As part of exposing concurrent search in Elasticsearch, we have found that the current task executor is too opinionated, and either it needs to be customizable, or simplified to be less opinionated.

In a server-side search engine, the search itself is likely executed by a thread pool that has its own sizing, queueing mechanisms as well as rejection policy. When offloading requests to an executor for additional parallelism, it is important to be able to determine where the load is going to be and what type of workload it maps to. Ideally, the caller thread is merely coordinating and not doing any I/O nor CPU intensive work, that is instead all delegated to the separate worker threads. Having built-in rules for when to execute certain operations on the caller thread may cause more problems than it solves, as it is unpredictable and makes sizing of thread pools more difficult, because all of a sudden you end up with two thread pools that may execute I/O as well as CPU intensive operations.

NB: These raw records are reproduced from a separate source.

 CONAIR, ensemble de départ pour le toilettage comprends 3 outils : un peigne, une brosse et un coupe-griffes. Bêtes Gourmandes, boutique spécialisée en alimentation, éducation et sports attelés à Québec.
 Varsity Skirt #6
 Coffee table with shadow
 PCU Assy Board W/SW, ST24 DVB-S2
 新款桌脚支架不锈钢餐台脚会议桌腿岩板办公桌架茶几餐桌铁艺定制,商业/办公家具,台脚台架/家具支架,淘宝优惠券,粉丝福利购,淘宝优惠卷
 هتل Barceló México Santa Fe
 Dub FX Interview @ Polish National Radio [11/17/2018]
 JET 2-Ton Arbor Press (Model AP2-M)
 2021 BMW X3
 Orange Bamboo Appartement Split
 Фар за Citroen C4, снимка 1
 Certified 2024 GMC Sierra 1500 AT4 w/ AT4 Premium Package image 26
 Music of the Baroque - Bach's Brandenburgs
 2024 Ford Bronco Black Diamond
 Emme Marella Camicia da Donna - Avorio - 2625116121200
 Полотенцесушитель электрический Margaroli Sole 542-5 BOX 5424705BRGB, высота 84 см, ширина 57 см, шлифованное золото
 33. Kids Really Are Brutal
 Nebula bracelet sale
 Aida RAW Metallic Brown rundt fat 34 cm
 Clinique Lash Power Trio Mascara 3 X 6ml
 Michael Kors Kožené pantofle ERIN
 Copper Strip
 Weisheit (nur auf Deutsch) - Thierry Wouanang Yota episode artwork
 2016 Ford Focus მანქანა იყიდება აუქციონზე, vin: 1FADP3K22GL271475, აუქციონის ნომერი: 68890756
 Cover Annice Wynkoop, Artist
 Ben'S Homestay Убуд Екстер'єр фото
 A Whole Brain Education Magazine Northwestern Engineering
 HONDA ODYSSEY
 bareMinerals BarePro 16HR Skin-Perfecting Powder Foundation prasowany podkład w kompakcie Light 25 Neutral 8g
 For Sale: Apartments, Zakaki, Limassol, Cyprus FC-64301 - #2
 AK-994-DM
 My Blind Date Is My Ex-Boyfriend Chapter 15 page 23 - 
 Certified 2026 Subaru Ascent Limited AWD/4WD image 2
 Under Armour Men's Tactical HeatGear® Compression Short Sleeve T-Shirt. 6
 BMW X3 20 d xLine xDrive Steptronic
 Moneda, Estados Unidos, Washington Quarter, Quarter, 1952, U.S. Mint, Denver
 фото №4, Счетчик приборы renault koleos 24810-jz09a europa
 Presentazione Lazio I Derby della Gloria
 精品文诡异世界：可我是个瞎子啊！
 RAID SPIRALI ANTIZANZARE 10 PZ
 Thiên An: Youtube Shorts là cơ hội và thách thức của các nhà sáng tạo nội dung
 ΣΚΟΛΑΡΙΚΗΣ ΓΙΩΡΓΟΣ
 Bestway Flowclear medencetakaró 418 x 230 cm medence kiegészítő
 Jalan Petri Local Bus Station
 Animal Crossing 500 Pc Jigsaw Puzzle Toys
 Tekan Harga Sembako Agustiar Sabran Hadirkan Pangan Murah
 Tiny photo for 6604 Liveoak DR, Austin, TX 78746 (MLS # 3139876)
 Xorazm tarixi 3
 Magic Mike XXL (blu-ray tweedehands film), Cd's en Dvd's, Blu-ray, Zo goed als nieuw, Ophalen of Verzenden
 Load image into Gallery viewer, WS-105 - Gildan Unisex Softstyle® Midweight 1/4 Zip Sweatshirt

My conclusion is that if flexibility is needed in terms of possibly executing on the caller thread, such behaviour can be included in the executor that is provided to the searcher (for example with an adaptive mechanism that conditionally executes directly instead of offloading based on queue size like QueueSizeBasedExecutor does), together with its saturation policy (as opposed to catching RejectedExecutionException and executing on the caller thread, which is potentially dangerous). Also, executing the last slice / task on the caller thread, as it's the one waiting for all the tasks to complete, is not necessarily addressing a real problem around under-utilization of a thread that is doing nothing. That wait is cheap, and it's possibly more important to divide the workload among the thread pools. That said, such behavior can also be included in the Executor itself and does not require additional extension points.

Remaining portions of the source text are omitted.